INFORMATION SUPPLIED Block Start

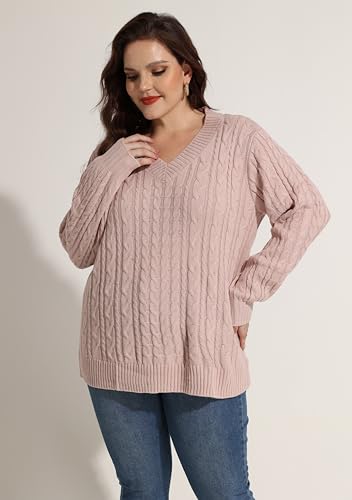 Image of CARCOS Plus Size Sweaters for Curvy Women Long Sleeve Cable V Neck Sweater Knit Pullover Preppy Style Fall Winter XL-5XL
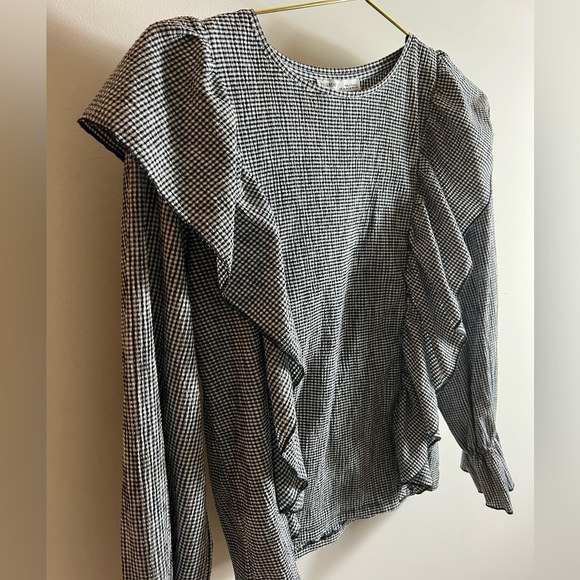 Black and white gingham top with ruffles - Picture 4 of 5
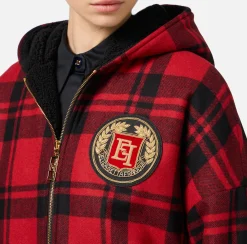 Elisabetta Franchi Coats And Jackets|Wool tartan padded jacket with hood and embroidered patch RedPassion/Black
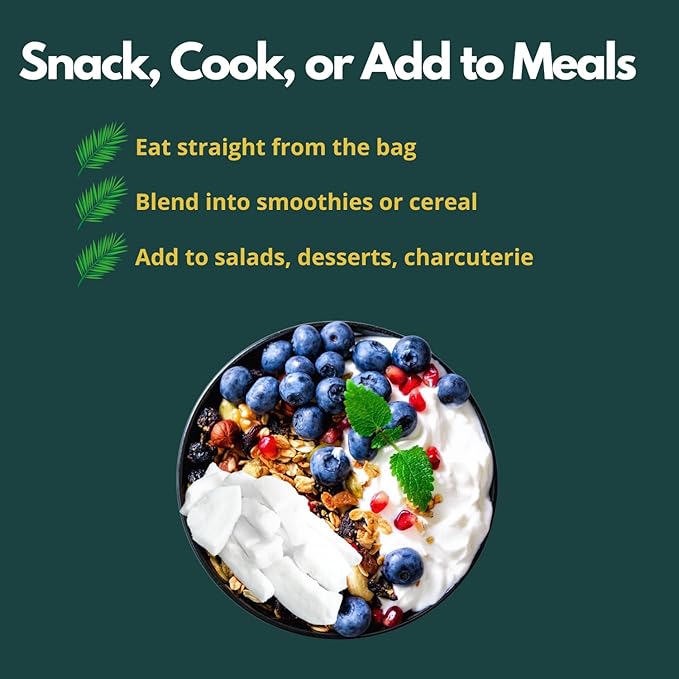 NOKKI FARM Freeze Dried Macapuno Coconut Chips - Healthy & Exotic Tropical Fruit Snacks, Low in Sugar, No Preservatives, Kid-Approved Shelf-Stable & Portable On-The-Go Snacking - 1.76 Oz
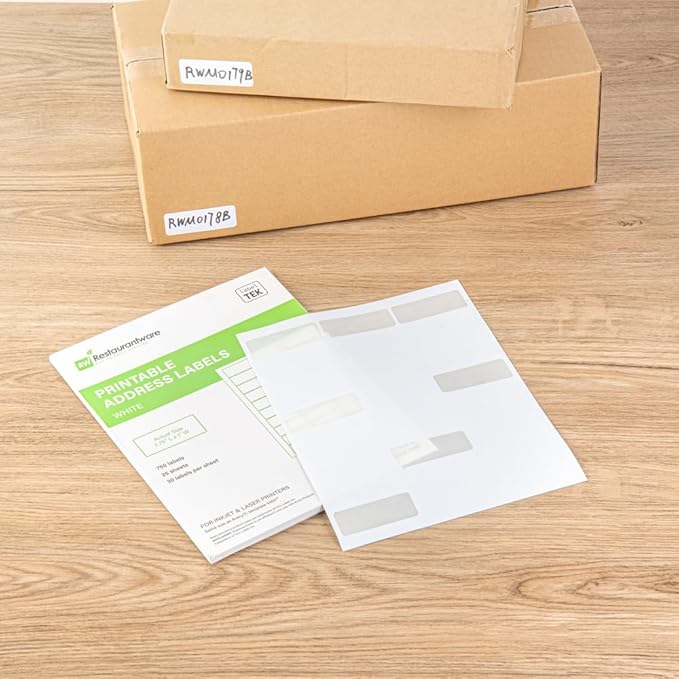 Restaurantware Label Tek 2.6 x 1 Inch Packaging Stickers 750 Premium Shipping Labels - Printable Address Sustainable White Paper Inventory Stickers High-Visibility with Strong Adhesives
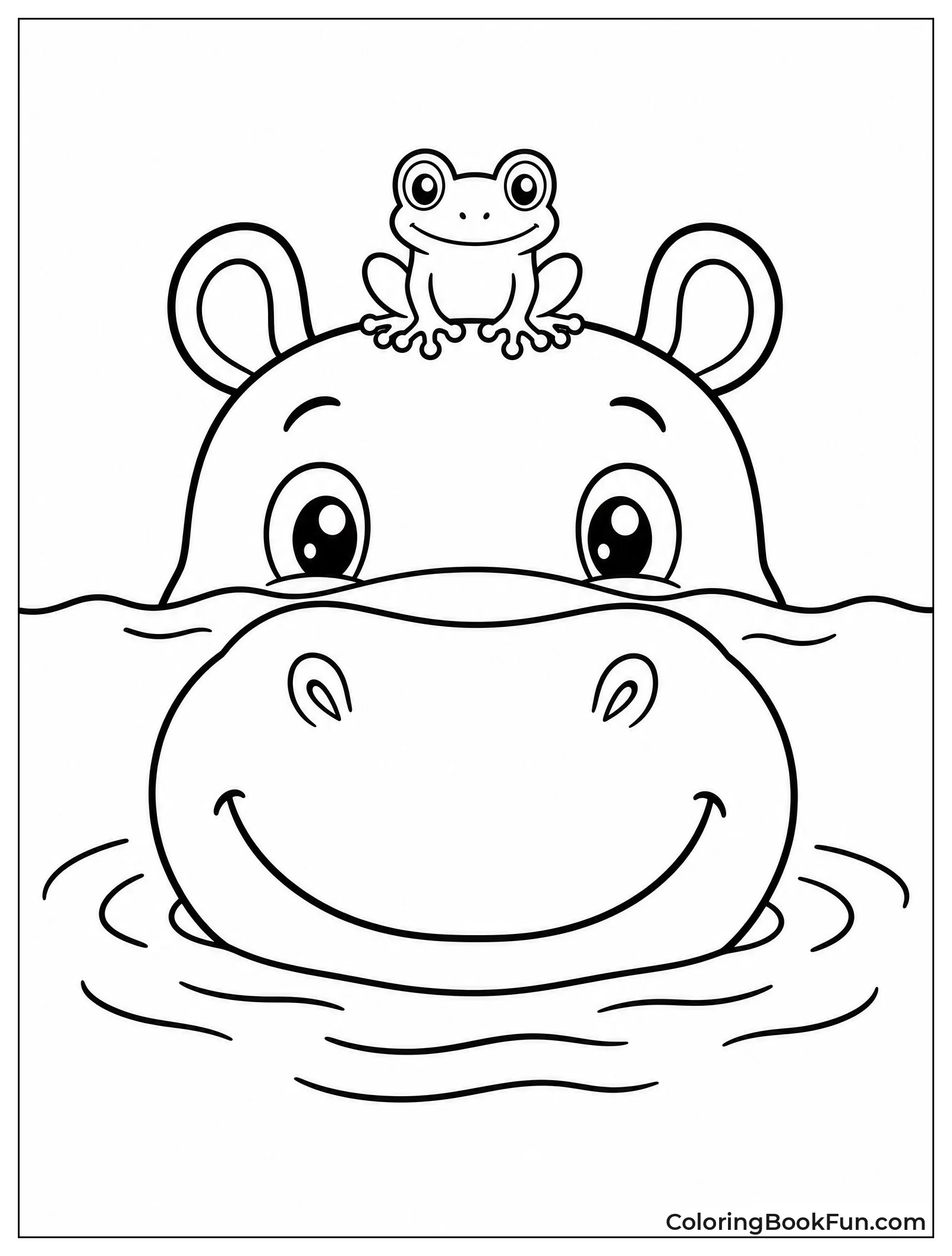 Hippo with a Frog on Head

INFORMATION SUPPLIED Block End
INFORMATION SUPPLIED Block Start

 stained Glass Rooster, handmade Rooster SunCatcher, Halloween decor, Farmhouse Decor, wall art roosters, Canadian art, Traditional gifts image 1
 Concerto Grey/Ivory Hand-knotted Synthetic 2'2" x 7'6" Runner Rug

INFORMATION SUPPLIED Block End
INFORMATION SUPPLIED Block Start

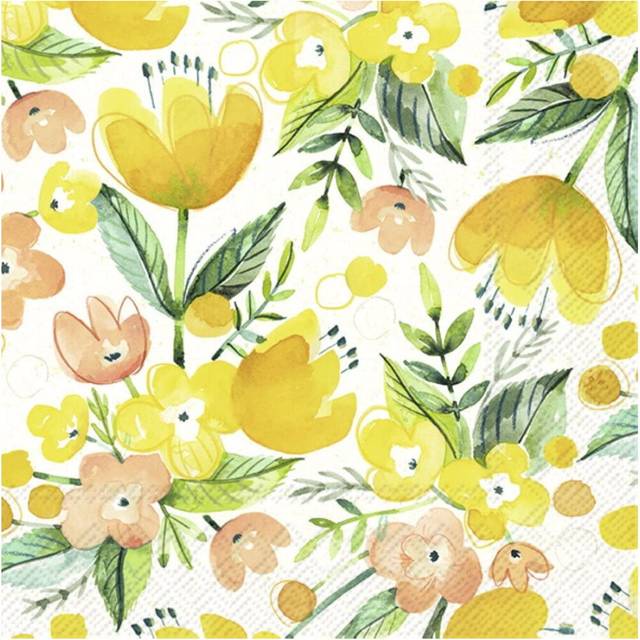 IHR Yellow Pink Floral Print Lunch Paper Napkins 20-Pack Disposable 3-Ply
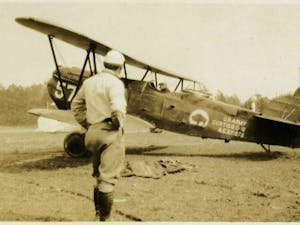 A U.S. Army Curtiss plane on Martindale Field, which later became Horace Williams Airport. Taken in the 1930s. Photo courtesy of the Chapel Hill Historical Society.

INFORMATION SUPPLIED Block End

→ TASK DESCRIPTION
From the records above, quote word for word only the lines beginning at the line that has "Black and white" and stopping after the line that has "Hippo with a Frog on Head". Omit the pictures.

→ EXERCISE RESULT
 Black and white gingham top with ruffles - Picture 4 of 5
 Elisabetta Franchi Coats And Jackets|Wool tartan padded jacket with hood and embroidered patch RedPassion/Black
 NOKKI FARM Freeze Dried Macapuno Coconut Chips - Healthy & Exotic Tropical Fruit Snacks, Low in Sugar, No Preservatives, Kid-Approved Shelf-Stable & Portable On-The-Go Snacking - 1.76 Oz
 Restaurantware Label Tek 2.6 x 1 Inch Packaging Stickers 750 Premium Shipping Labels - Printable Address Sustainable White Paper Inventory Stickers High-Visibility with Strong Adhesives
 Hippo with a Frog on Head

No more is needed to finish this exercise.